• [Extracted data entries]
▽

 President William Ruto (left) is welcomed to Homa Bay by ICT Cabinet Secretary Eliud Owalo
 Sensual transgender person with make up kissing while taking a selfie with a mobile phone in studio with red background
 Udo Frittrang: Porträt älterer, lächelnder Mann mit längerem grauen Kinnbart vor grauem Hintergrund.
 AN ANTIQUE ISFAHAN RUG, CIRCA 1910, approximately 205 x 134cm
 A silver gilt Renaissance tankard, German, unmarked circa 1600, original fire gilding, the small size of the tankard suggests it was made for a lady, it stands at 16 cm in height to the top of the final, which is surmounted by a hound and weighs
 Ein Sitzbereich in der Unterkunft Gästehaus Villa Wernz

△
▽

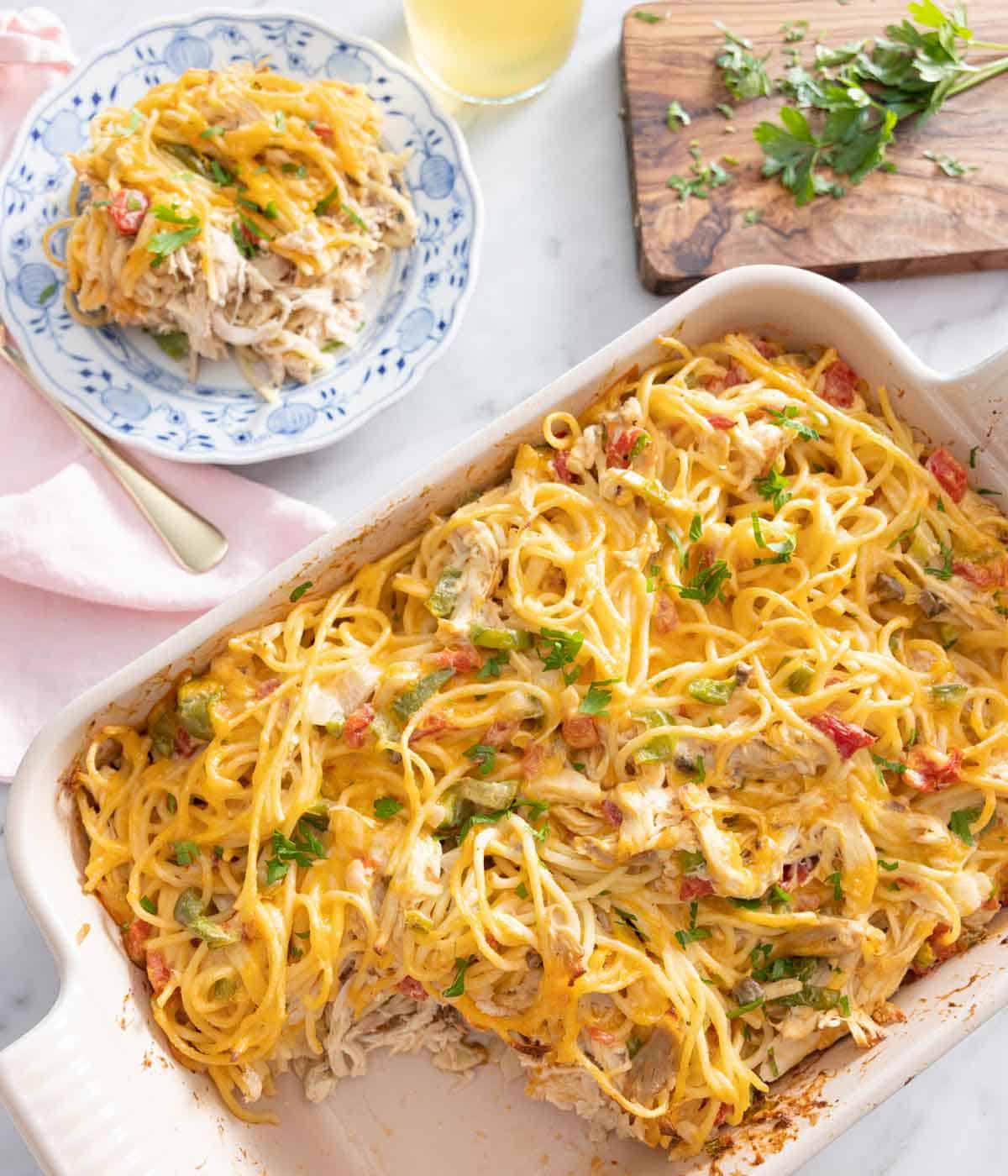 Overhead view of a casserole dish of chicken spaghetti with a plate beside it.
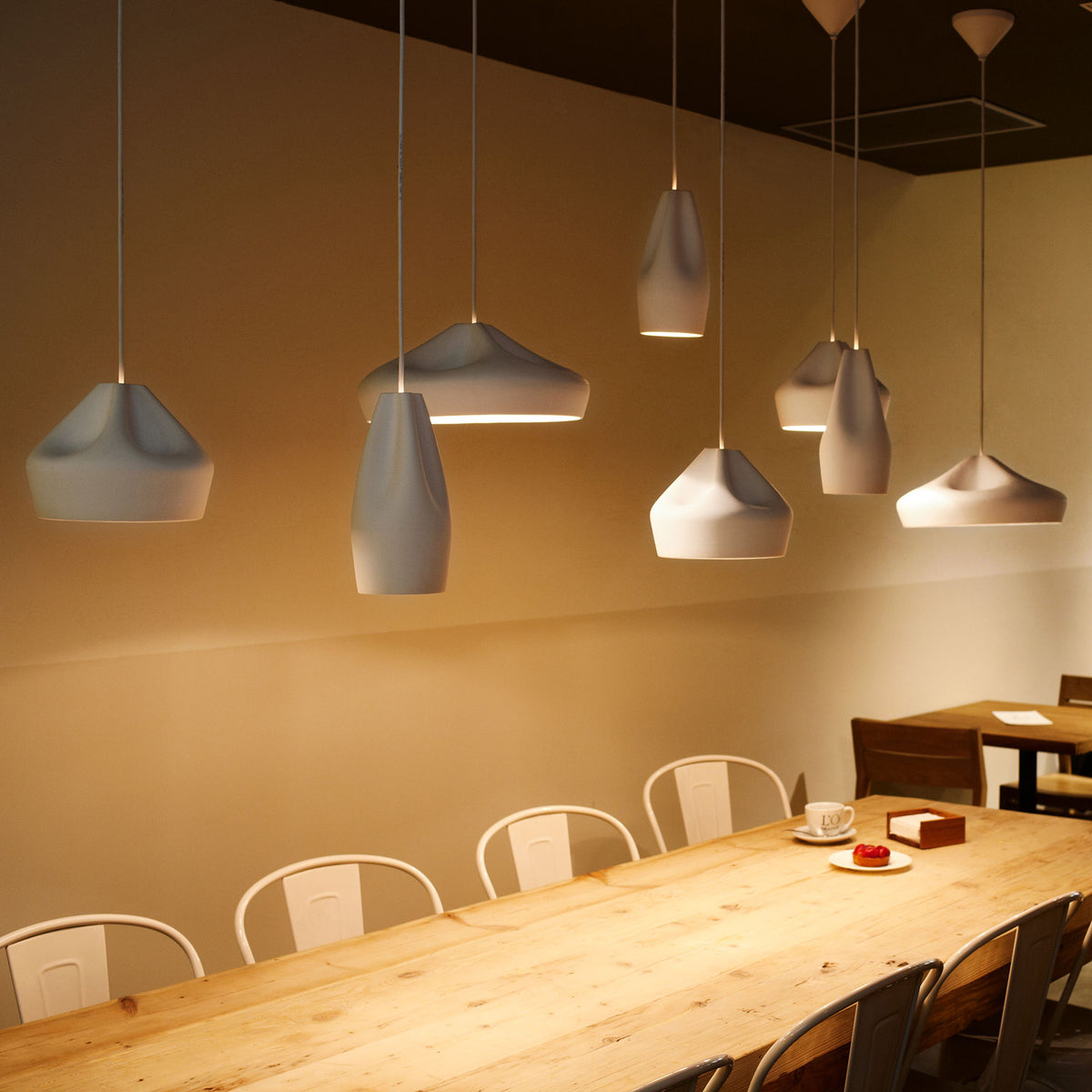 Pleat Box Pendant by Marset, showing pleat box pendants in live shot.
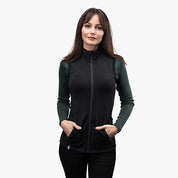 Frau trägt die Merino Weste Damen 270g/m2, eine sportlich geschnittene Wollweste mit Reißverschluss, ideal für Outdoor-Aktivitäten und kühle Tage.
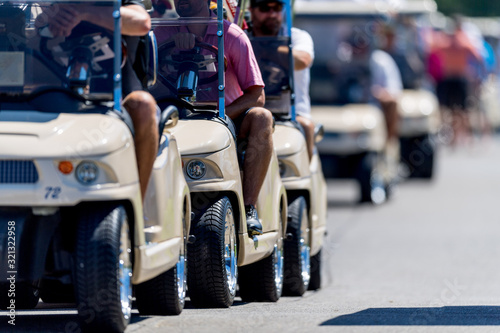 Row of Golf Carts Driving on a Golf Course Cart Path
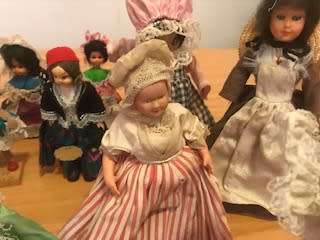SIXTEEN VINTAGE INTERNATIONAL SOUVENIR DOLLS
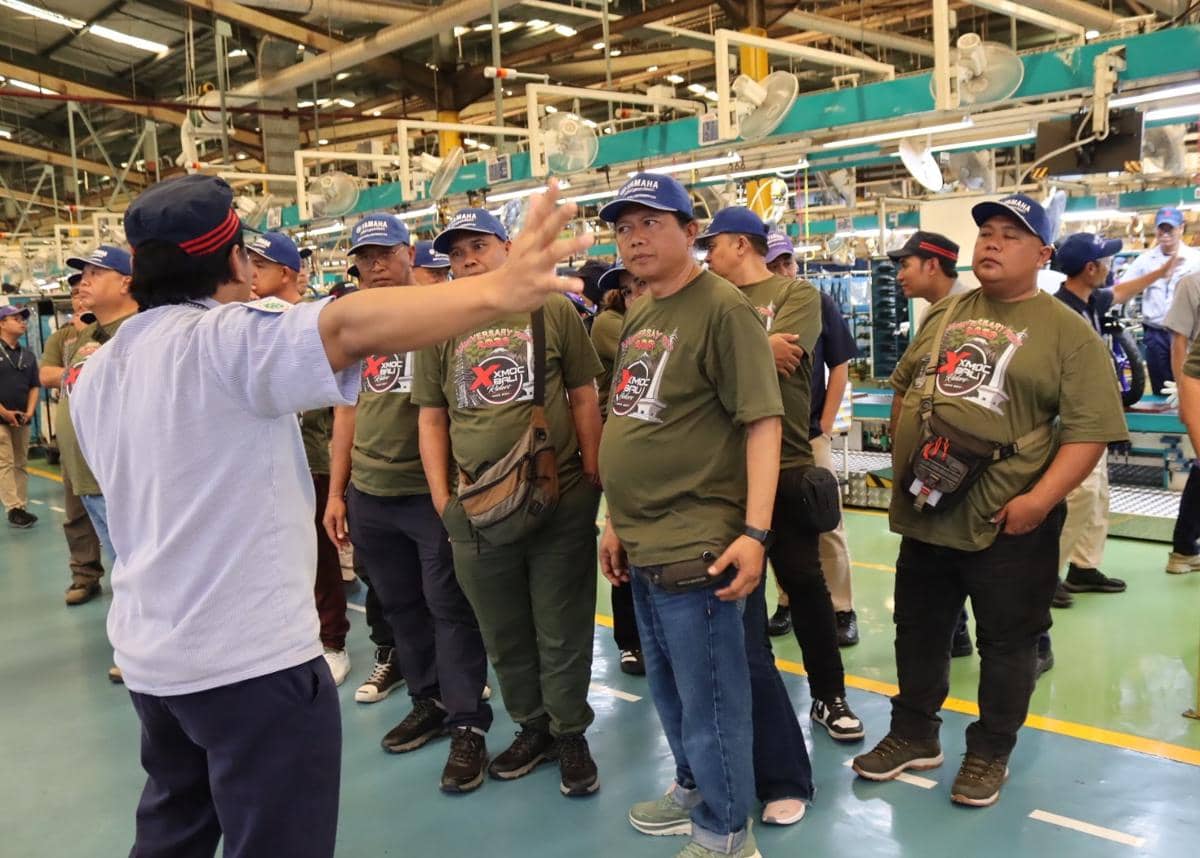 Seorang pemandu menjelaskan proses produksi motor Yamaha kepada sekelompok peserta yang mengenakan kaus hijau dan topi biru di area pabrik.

△

• [WHAT IS BEING ASKED] Using the records above, print exactly the lines between the ones containing "Pleat Box Pendant by" and "Seorang pemandu menjelaskan", inclusive, and nothing else; no pictures.

• [FINAL ANSWER]
 Pleat Box Pendant by Marset, showing pleat box pendants in live shot.
 Frau trägt die Merino Weste Damen 270g/m2, eine sportlich geschnittene Wollweste mit Reißverschluss, ideal für Outdoor-Aktivitäten und kühle Tage.
 Row of Golf Carts Driving on a Golf Course Cart Path
SIXTEEN VINTAGE INTERNATIONAL SOUVENIR DOLLS
 Seorang pemandu menjelaskan proses produksi motor Yamaha kepada sekelompok peserta yang mengenakan kaus hijau dan topi biru di area pabrik.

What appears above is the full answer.